What is needed:
Produce a word-for-word copy of the data that follows, excluding images.

+++ The data

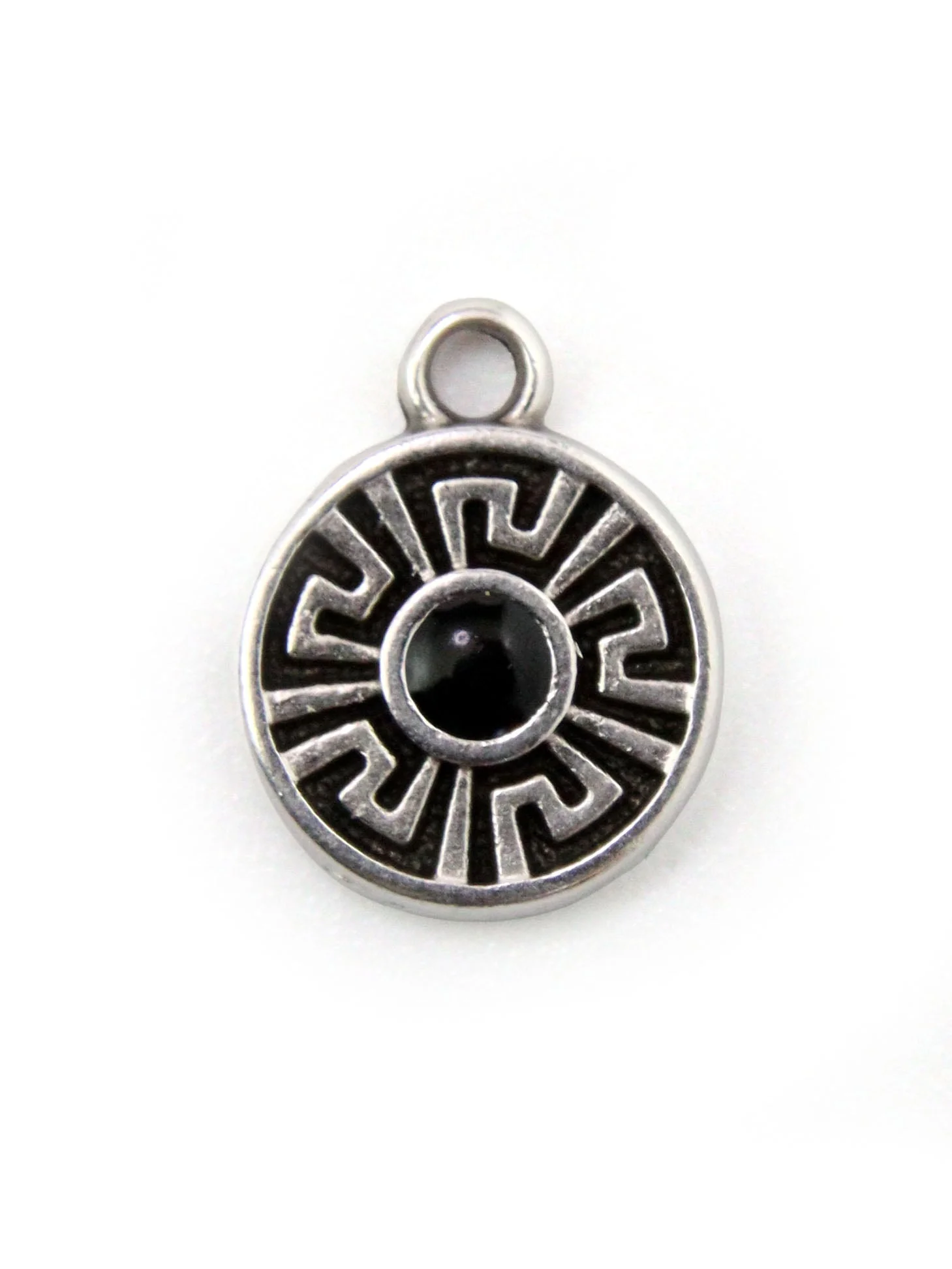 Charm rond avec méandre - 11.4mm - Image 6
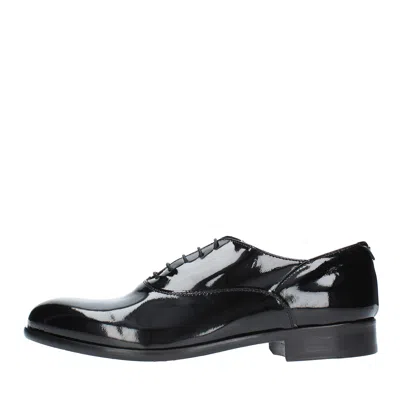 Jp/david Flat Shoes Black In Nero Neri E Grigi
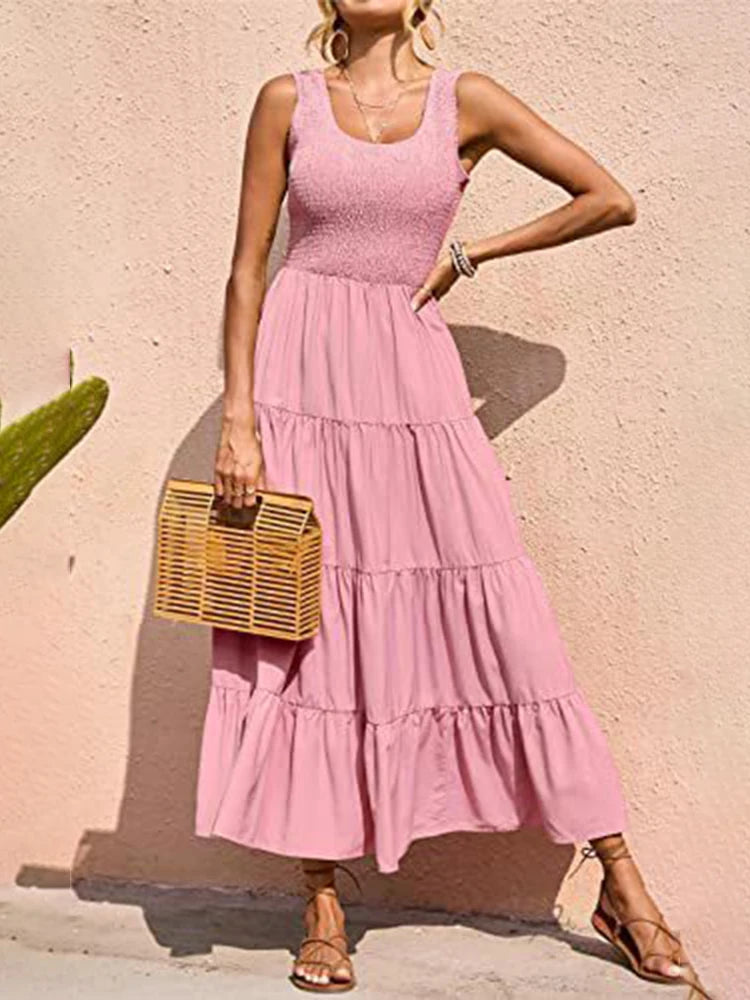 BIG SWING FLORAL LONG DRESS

++++++

Output of the exercise:
 Charm rond avec méandre - 11.4mm - Image 6
 Jp/david Flat Shoes Black In Nero Neri E Grigi
 BIG SWING FLORAL LONG DRESS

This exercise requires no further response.